* _Data_
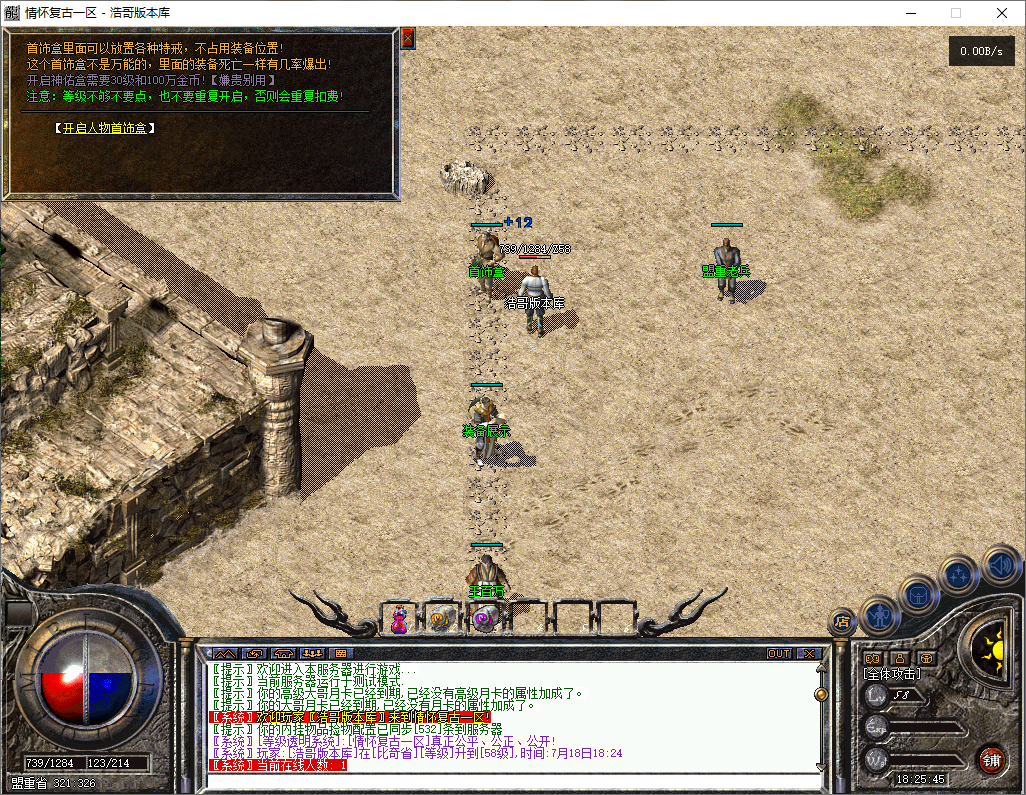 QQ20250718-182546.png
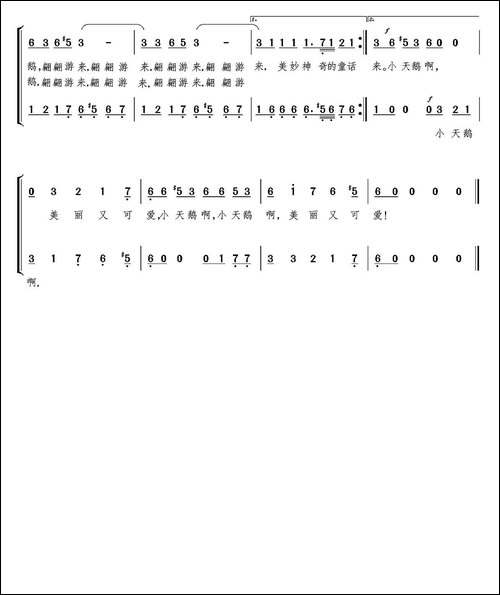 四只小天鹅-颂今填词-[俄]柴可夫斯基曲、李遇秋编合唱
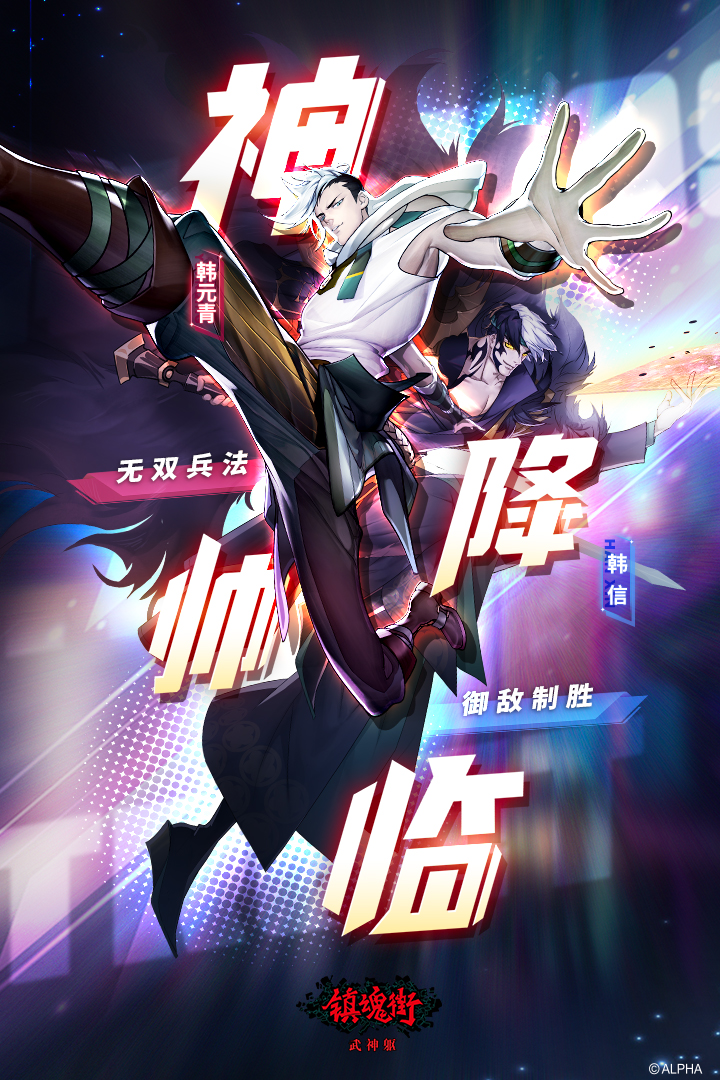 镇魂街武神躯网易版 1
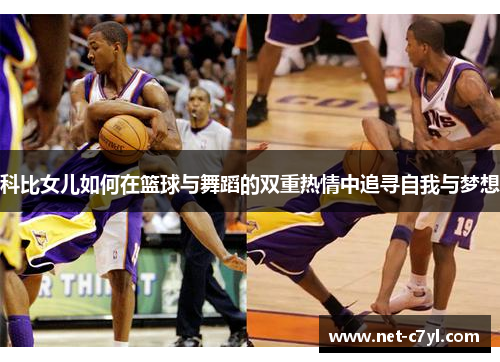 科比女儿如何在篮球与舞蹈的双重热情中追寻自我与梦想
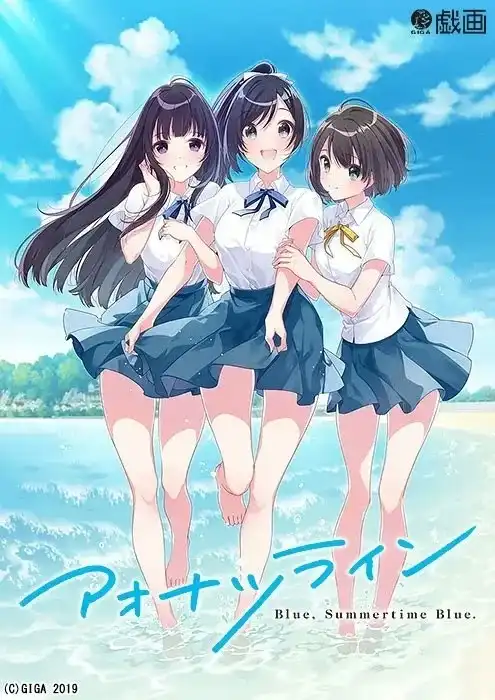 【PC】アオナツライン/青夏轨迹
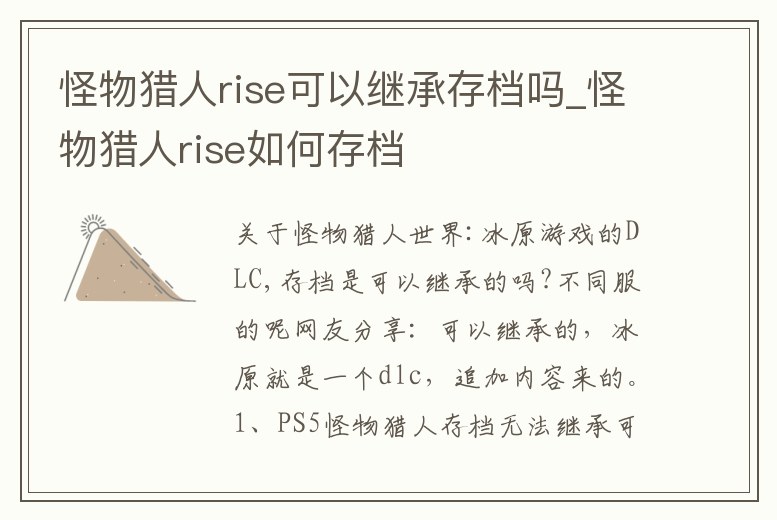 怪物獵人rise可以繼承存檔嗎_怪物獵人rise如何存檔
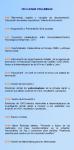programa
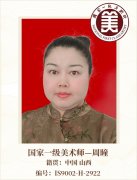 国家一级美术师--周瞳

* _Task_
From the first line to the last, retype the data exactly, without images.

* _Response to this exercise_
 QQ20250718-182546.png
 四只小天鹅-颂今填词-[俄]柴可夫斯基曲、李遇秋编合唱
 镇魂街武神躯网易版 1
 科比女儿如何在篮球与舞蹈的双重热情中追寻自我与梦想
 【PC】アオナツライン/青夏轨迹
 怪物獵人rise可以繼承存檔嗎_怪物獵人rise如何存檔
programa
 国家一级美术师--周瞳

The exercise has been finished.